* DATASET CONTENT *
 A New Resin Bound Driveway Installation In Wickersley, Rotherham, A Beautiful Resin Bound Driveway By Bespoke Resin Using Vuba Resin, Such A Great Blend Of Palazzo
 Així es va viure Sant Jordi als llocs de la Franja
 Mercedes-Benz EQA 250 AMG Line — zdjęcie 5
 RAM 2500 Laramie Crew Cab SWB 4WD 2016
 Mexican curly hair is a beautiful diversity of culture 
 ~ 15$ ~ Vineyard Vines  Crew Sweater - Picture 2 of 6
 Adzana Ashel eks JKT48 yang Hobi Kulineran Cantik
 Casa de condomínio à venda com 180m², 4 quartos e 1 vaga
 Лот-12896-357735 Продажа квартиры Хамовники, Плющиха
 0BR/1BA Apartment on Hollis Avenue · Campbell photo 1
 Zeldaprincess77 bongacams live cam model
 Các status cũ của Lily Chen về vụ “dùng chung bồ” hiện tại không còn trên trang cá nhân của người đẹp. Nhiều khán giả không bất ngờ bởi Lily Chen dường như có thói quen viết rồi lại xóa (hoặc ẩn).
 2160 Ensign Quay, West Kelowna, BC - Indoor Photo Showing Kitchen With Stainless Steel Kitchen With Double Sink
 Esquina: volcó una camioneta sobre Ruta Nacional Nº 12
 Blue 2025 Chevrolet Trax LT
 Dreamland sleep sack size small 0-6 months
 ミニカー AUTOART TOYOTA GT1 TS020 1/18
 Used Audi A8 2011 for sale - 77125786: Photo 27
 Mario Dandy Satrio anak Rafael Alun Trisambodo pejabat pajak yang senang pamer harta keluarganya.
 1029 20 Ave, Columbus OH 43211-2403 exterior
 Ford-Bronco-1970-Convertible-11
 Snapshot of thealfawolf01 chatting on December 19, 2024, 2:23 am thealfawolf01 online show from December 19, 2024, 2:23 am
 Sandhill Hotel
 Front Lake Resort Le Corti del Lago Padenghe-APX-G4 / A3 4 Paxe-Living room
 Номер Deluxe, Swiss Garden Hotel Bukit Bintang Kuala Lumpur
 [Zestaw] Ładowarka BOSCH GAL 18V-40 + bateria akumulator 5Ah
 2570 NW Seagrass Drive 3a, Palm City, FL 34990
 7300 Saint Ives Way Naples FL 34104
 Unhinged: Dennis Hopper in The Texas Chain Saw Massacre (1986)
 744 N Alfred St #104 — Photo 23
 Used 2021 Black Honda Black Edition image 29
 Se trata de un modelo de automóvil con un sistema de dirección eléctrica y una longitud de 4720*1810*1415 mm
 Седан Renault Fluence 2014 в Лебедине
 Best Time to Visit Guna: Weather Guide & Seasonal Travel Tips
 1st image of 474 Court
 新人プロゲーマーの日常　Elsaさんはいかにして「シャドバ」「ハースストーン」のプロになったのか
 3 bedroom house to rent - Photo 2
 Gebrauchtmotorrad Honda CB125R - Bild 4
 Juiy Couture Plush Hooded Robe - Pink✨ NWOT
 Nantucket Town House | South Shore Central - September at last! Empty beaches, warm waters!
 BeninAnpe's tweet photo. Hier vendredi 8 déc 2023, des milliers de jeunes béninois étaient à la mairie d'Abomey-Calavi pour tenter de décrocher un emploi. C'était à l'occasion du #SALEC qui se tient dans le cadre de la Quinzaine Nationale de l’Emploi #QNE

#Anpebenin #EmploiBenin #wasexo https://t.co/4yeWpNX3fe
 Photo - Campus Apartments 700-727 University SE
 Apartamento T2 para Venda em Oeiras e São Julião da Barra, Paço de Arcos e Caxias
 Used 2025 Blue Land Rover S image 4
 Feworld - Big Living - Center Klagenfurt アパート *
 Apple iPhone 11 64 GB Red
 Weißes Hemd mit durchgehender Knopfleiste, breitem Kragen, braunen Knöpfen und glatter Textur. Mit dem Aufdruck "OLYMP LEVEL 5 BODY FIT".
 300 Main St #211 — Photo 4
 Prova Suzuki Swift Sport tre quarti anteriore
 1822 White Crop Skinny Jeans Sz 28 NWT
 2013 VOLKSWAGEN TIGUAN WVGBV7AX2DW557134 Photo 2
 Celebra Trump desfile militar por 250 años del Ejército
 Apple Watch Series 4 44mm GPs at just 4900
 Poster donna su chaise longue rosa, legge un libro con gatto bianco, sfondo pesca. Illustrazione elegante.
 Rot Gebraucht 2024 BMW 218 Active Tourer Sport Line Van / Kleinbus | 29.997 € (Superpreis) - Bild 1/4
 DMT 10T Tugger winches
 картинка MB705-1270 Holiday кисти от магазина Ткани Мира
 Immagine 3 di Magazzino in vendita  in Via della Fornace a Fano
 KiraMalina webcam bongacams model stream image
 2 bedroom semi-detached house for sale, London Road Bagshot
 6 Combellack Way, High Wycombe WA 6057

* WHAT IS REQUIRED *
Above are records; repeat only the lines starting at the line with "744 N Alfred St #104 — Photo 23" and ending at the line with "Juiy Couture Plush Hooded Robe - Pink✨ NWOT", exactly as they appear, both included.

* PROBLEM SOLUTION *
 744 N Alfred St #104 — Photo 23
 Used 2021 Black Honda Black Edition image 29
 Se trata de un modelo de automóvil con un sistema de dirección eléctrica y una longitud de 4720*1810*1415 mm
 Седан Renault Fluence 2014 в Лебедине
 Best Time to Visit Guna: Weather Guide & Seasonal Travel Tips
 1st image of 474 Court
 新人プロゲーマーの日常　Elsaさんはいかにして「シャドバ」「ハースストーン」のプロになったのか
 3 bedroom house to rent - Photo 2
 Gebrauchtmotorrad Honda CB125R - Bild 4
 Juiy Couture Plush Hooded Robe - Pink✨ NWOT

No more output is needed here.